§ **ASSIGNMENT**: What's needed is an exact copy of all the data below, without pictures.

§ **SOURCE MATERIAL**:
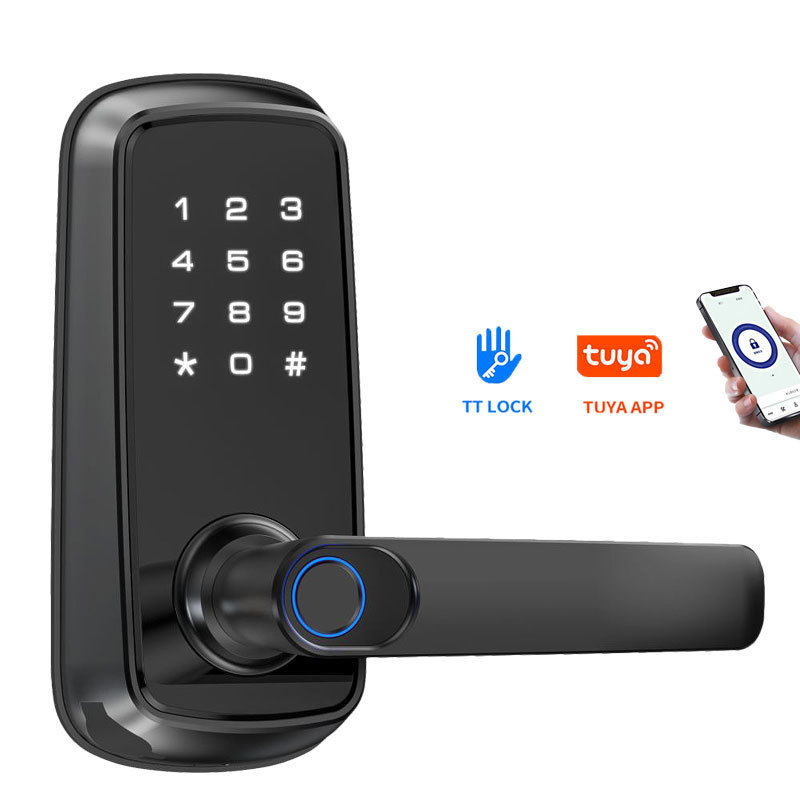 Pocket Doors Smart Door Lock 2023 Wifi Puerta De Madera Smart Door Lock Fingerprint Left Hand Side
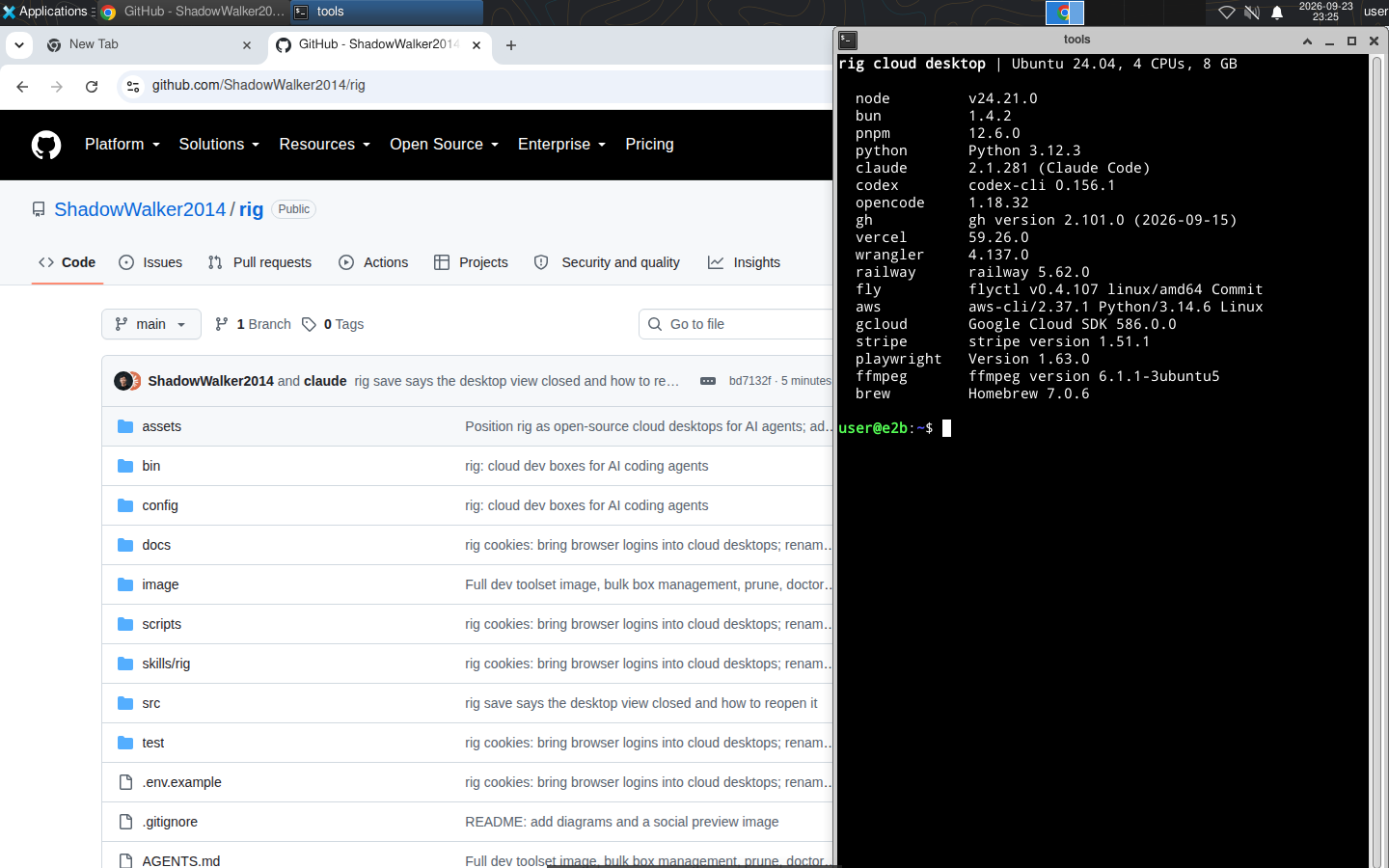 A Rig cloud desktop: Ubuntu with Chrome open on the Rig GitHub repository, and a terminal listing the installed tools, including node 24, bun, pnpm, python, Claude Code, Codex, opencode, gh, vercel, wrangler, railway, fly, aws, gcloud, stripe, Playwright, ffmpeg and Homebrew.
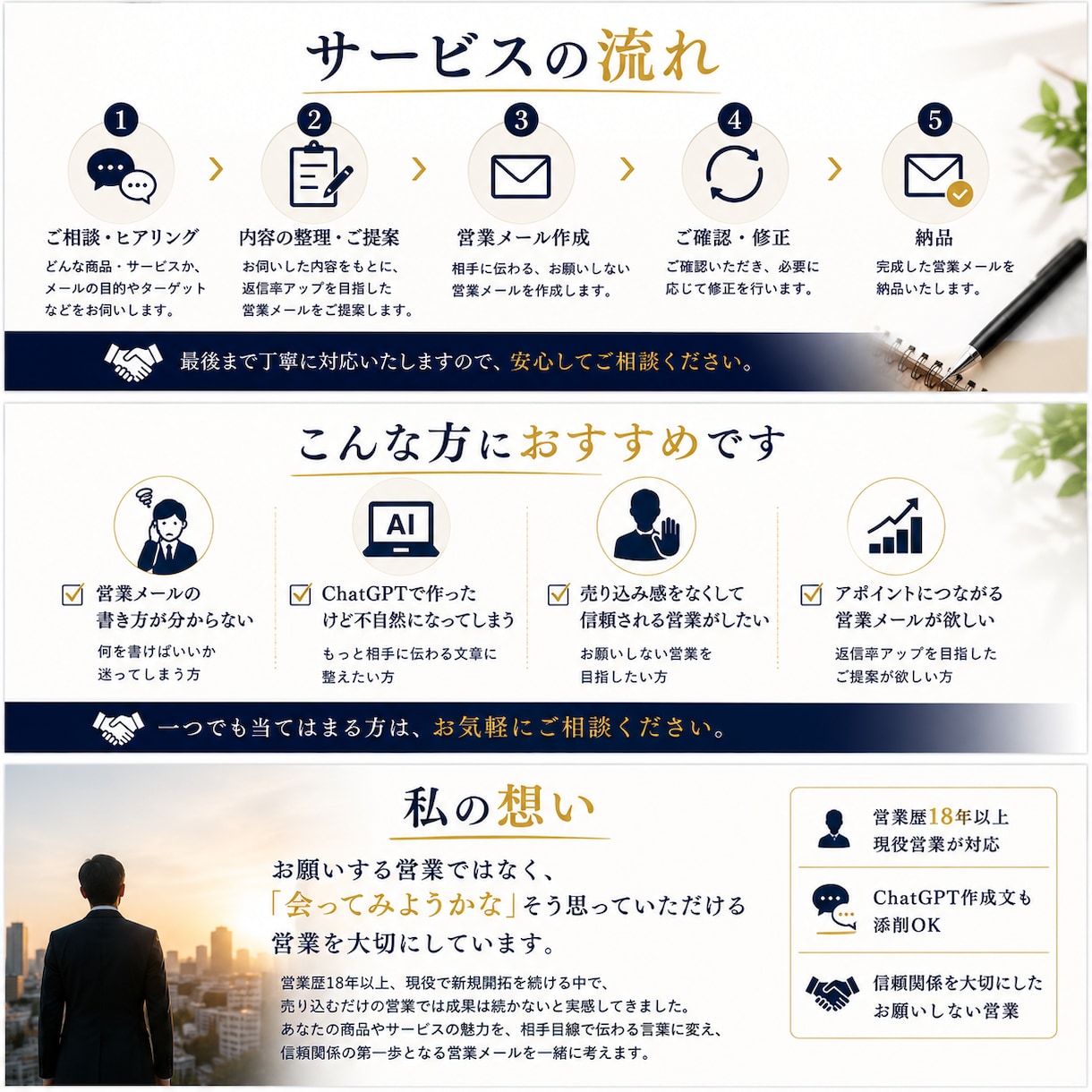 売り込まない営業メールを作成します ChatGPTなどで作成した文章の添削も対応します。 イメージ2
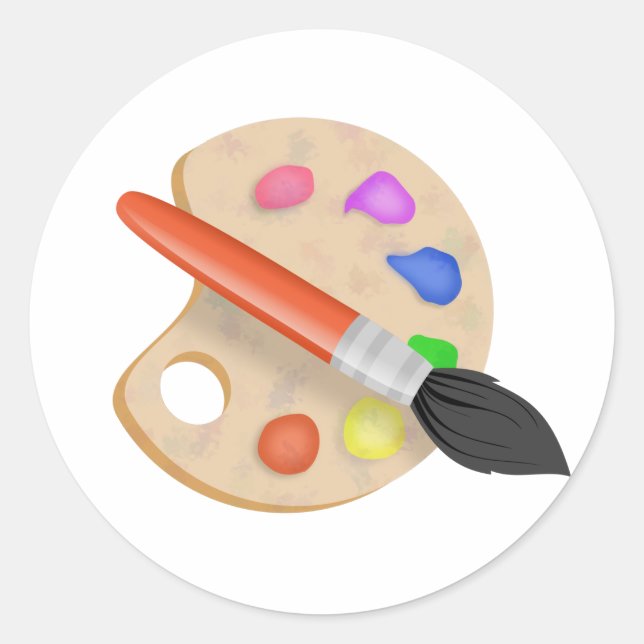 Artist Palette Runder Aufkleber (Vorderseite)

§ **SOLUTION**:
 Pocket Doors Smart Door Lock 2023 Wifi Puerta De Madera Smart Door Lock Fingerprint Left Hand Side
 A Rig cloud desktop: Ubuntu with Chrome open on the Rig GitHub repository, and a terminal listing the installed tools, including node 24, bun, pnpm, python, Claude Code, Codex, opencode, gh, vercel, wrangler, railway, fly, aws, gcloud, stripe, Playwright, ffmpeg and Homebrew.
 売り込まない営業メールを作成します ChatGPTなどで作成した文章の添削も対応します。 イメージ2
 Artist Palette Runder Aufkleber (Vorderseite)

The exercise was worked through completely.